Task instructions
Beginning with the line that holds "Sites similar to camaramirassol.sp.gov.br" and ending with the last line, please repeat the entries exactly and omit the pictures.

*** Excerpted data ***

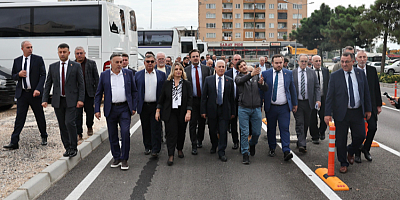 Bursa'nın o ilçesine yeni terminal müjdesi!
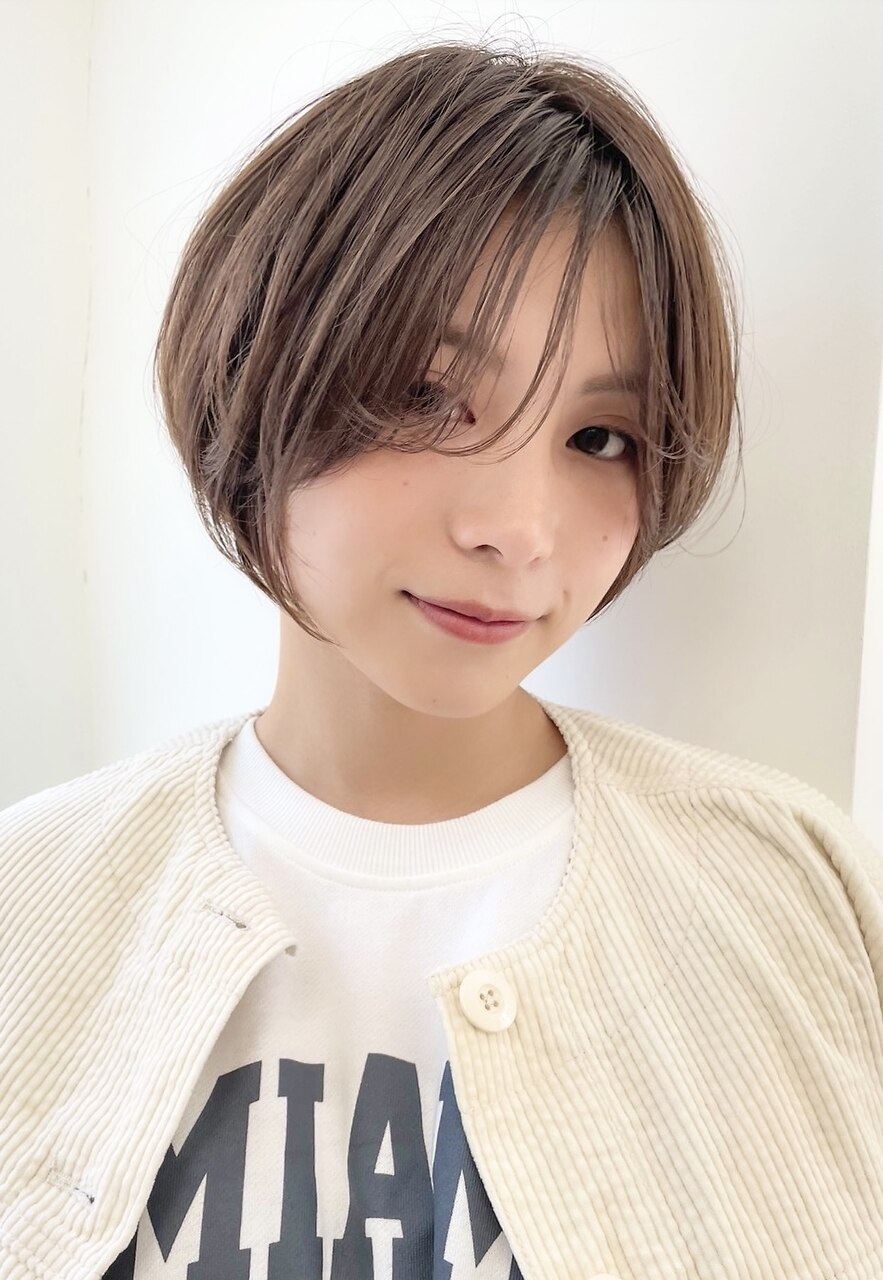 くびれヘア×耳掛けショート【瀧上丈司】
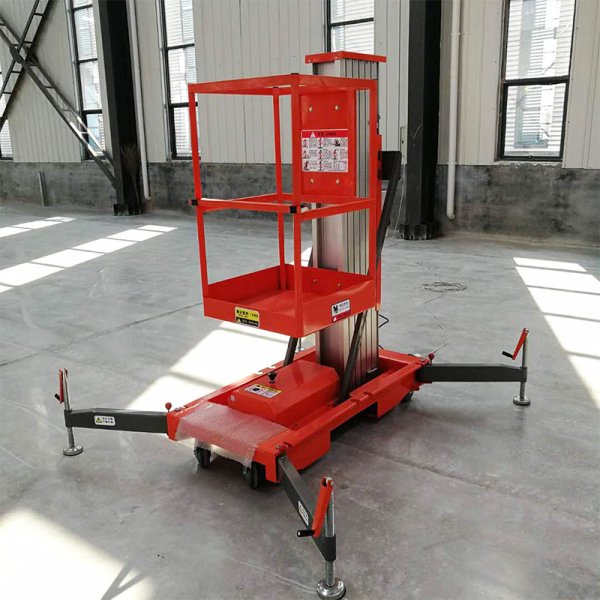 10m Aerial Work Single Mast Lift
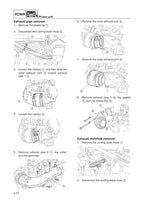 Yamaha WaveRunner VX1100 Sport Cruiser Deluxe Service Manual service manual preview page 7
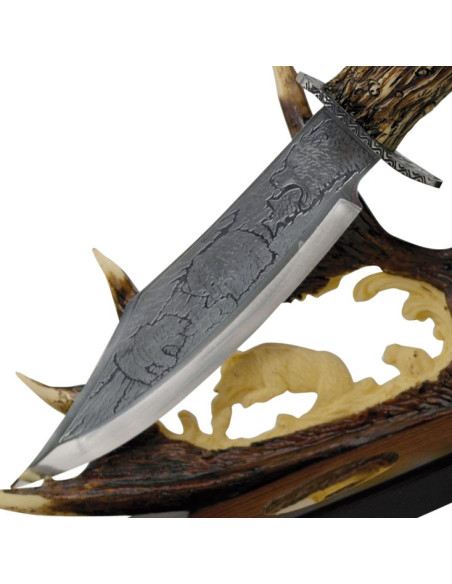 decorativo coltello corno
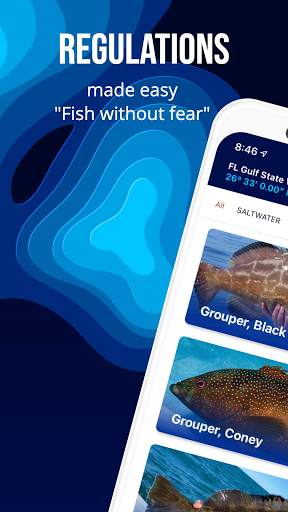 Fish Rules: Fishing App 1 تصوير الشاشة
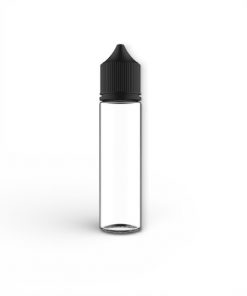 PET EMPTY 60ML BOTTLE high quality clear plastic empty e-liquid dropper bottle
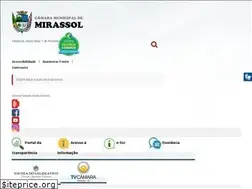 Sites similar to camaramirassol.sp.gov.br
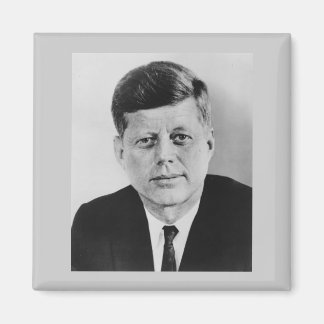 John F Kennedy Magnet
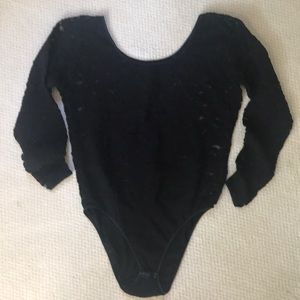 ⭐️ Cosabella black lace bodysuit ⭐️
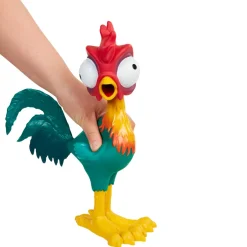 New Jakks Jouet à couinement Hei Hei, Vaiana 2 Figurines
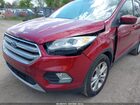 2017 Ford Escape Se Красный vin: 1FMCU0GD5HUB20726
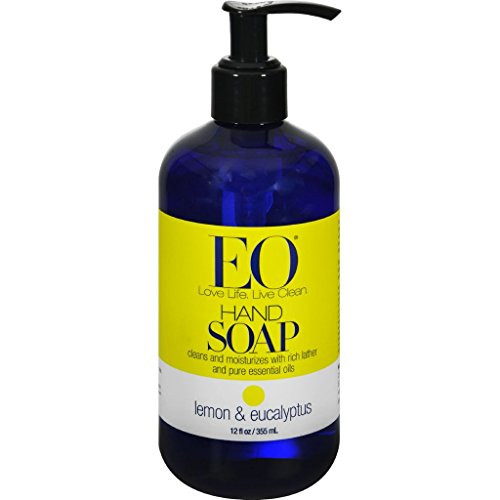 EO, Soap Liquid Lemon Eucalyptus, 12 Fl Oz EO, Soap Liquid Lemon Eucalyptus, 12 Fl Oz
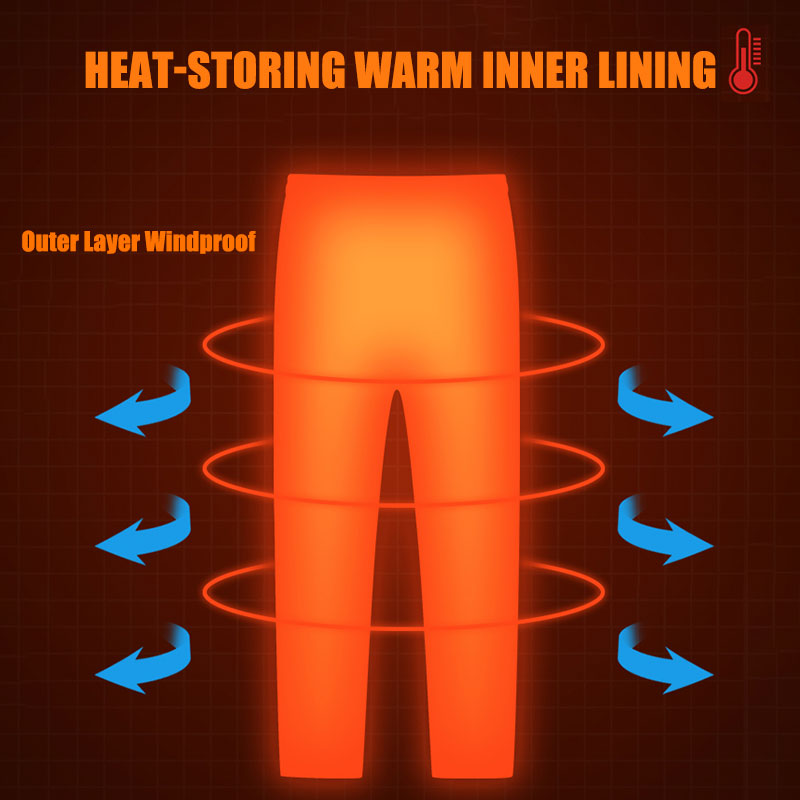 Pantalon d’hiver chaud pour ho - Winter Clothing Hiking avis et prix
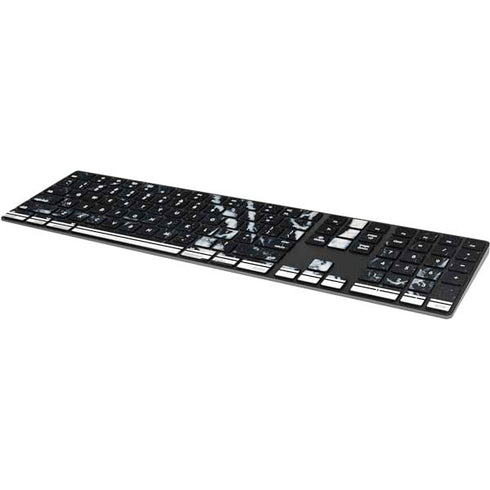 NBA Utah Jazz Marble Magic Keyboard with Numeric Keypad Skin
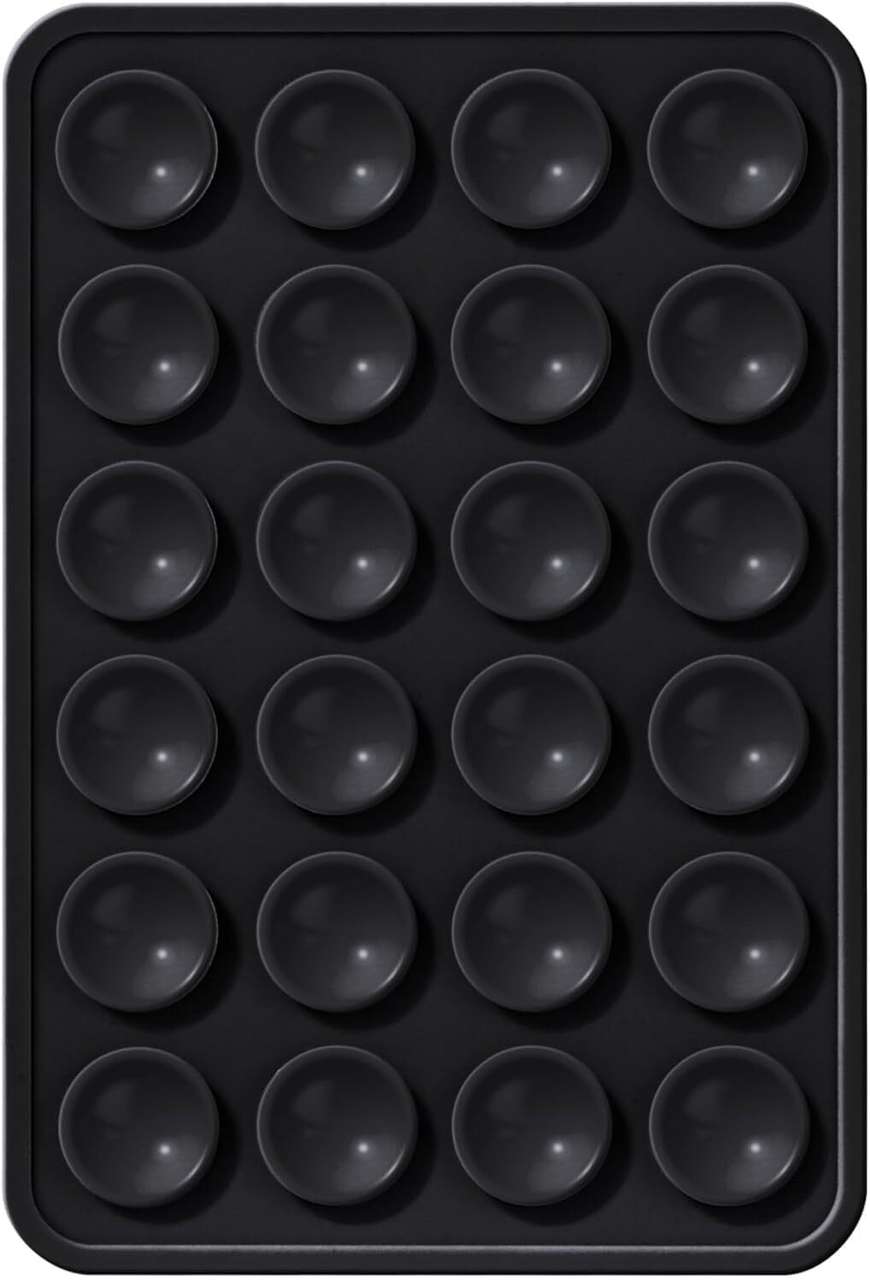 Budieggs Suction Phone Case, Phone Suction Sticker, Silicone Suction ...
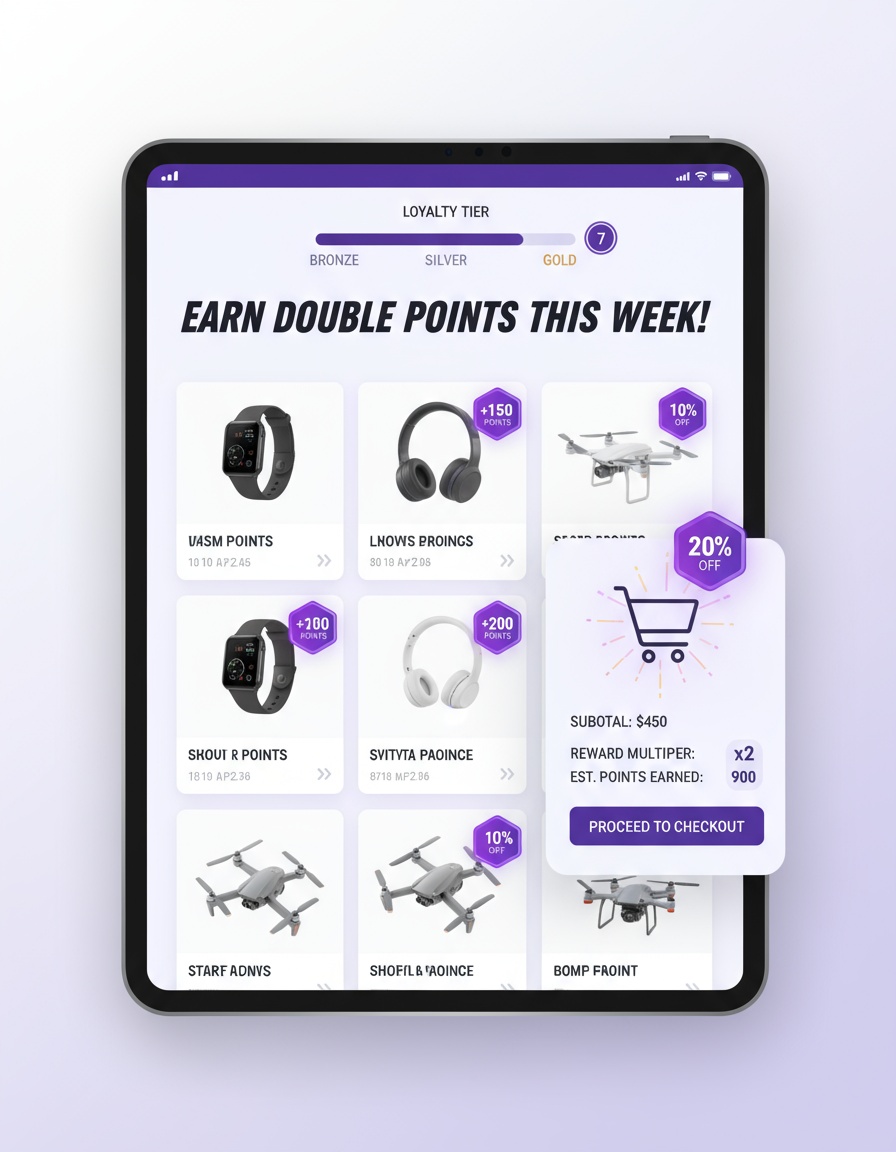 E-commerce gamification success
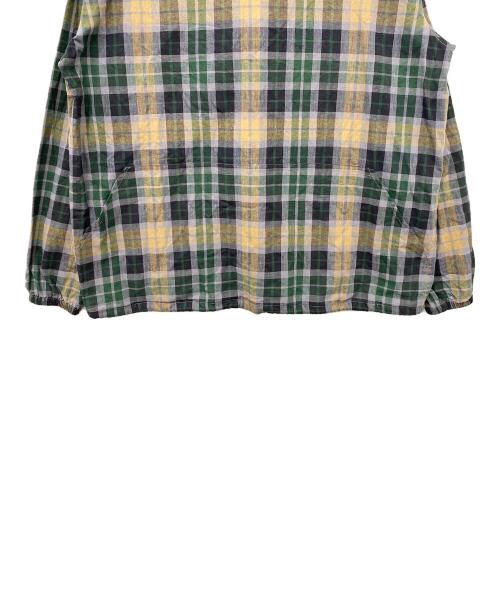 The Duffer of ST.George（ザ ダファーオブセントジョージ）The Duffer of ST.George (ザ ダファーオブセントジョージ) ハーフジップパーカー グレー サイズ:Ｓ 未使用品の古着・服飾アイテム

***

Completed task
 Sites similar to camaramirassol.sp.gov.br
 John F Kennedy Magnet
 ⭐️ Cosabella black lace bodysuit ⭐️
 New Jakks Jouet à couinement Hei Hei, Vaiana 2 Figurines
 2017 Ford Escape Se Красный vin: 1FMCU0GD5HUB20726
 EO, Soap Liquid Lemon Eucalyptus, 12 Fl Oz EO, Soap Liquid Lemon Eucalyptus, 12 Fl Oz
 Pantalon d’hiver chaud pour ho - Winter Clothing Hiking avis et prix
 NBA Utah Jazz Marble Magic Keyboard with Numeric Keypad Skin
 Budieggs Suction Phone Case, Phone Suction Sticker, Silicone Suction ...
 E-commerce gamification success
 The Duffer of ST.George（ザ ダファーオブセントジョージ）The Duffer of ST.George (ザ ダファーオブセントジョージ) ハーフジップパーカー グレー サイズ:Ｓ 未使用品の古着・服飾アイテム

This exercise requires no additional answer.